S.E.R., Jobs for Progress, Inc. v. United States, 759 F.2d 1, 5 (Fed.Cir.1985). Since section 2415 does not apply to Government claims under the CDA, we reject Motorola's argument that FASA was intended to clarify existing law, e.g. section 2415. Because the contract falls under the terms of the CDA, the six-year limit in section 2415(a) does not bar the Government's claim.
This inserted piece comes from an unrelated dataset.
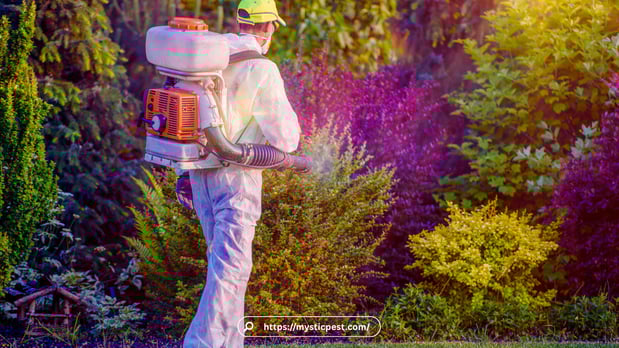 Images Pest Control Detroit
The six-year statute of limitations in FASA presents a more complicated issue. The Government argues that the FASA statute of limitations does not apply retroactively to bar claims on contracts awarded before FASA's enactment. Aydin, on the other hand, argues that the FASA statute of limitations applies retroactively. In 1994, FASA amended the CDA:
(a) PERIOD FOR FILING CLAIMS.--Section 6 of the Contract Disputes Act of 1978 (41 U.S.C. 605) is amended in subsection (a) by inserting after the second sentence the following: 'Each claim by a contractor against the government relating to a contract and each claim by the government against a contractor relating to a contract shall be submitted within 6 years after the accrual of the claim....'
Pub.L. No. 103-355, § 2351, 108 Stat. 3243, 3322. FASA expressly enumerated several provisions of the CDA that would have "immediate applicability" on the date of enactment. Id., § 10001(c), 108 Stat. at 3404. Section 10001(c) did not identify section 2351 (the six-year statute of limitations) among the provisions with "immediate applicability." Therefore, FASA required implementation of its statute of limitations "in the manner prescribed in the final regulations [to be] promulgated pursuant to section 10002" of FASA. Id., § 10001(b)(2), 108 Stat. at 3404.
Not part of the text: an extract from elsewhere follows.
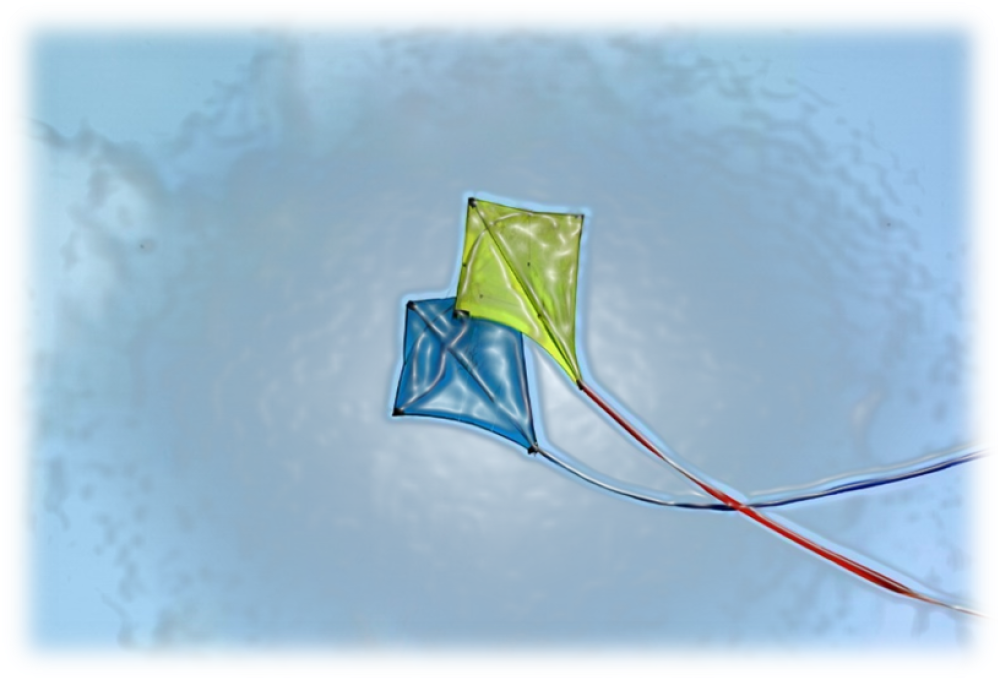 kites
In September 1995, the Office of Federal Procurement Policy (OFPP) issued a Federal Acquisition Regulation (FAR) governing the effective date of the six-year bar:
The contracting officer shall issue a written decision on any Government claim initiated against a contractor within 6 years after accrual of the claim, unless the contracting parties agreed to a shorter time period. The 6-year period shall not apply to contracts awarded prior to October 1, 1995....
FAR 33.206(b), 48 C.F.R. § 33.206(b) (1996). This regulation denied retroactive application of the FASA statute of limitations to contracts awarded before October 1, 1995.
The regulation, FAR 33.206(b), does not conflict with paragraph (2) of section 2351 of FASA, which states:
(2) Notwithstanding the third sentence of section 6(a) of the Contracts Disputes Act of 1978, as added by paragraph (1), if a contract in existence on the date of the enactment of this Act requires that a claim referred to in that sentence be submitted earlier than 6 years after the accrual of the claim, then the claim shall be submitted within the period required by the contract.
Pub.L. No. 103-355, § 2351(2), 108 Stat. 3243, 3322 (1994). According to paragraph (2), subsection (a)--the six-year limit--cannot extend a shorter statute of limitations in a contract in existence on FASA's date of enactment. Arguably, paragraph (2) suggests by implication that FASA's six-year statute of limitations extends to contracts in existence on the CDA's enactment date. However, any perceived inconsistency between the regulation and FASA, section 2351, paragraph 2, is clarified by FASA's deferral of the manner of implementation of its six-year statute of limitations to subsequent regulations.
Under FASA's framework, OFPP conceivably could have promulgated a regulation applying the six-year limit to contracts already in existence, i.e., retroactively. Section 2351, paragraph (2), operates to place a restriction on OFPP's retroactive application of the six-year bar by OFPP: the statute of limitations for existing contracts can not be enlarged. This section does not require OFPP to apply the statute of limitations to any existing contracts; it merely restricts OFPP's ability to apply it to a subset of contracts that were already governed by a shorter contractual time bar.
FASA, section 2351, paragraph (2), does not mandate a retroactive application of the six-year bar, but merely ensures that OFPP's implementation of the bar will not disturb contracts with a shorter limit. Ultimately, OFPP decided to apply the six-year bar prospectively only, thus avoiding any conflict with existing contracts irrespective of their statutes of limitations.
Therefore, OFPP's FAR 33.206(b) is fully consistent with FASA's section 2351, paragraph (2). OFPP's implementing regulation made the FASA statute of limitations applicable to contracts prospectively. FASA's time bar does not apply to this Government claim.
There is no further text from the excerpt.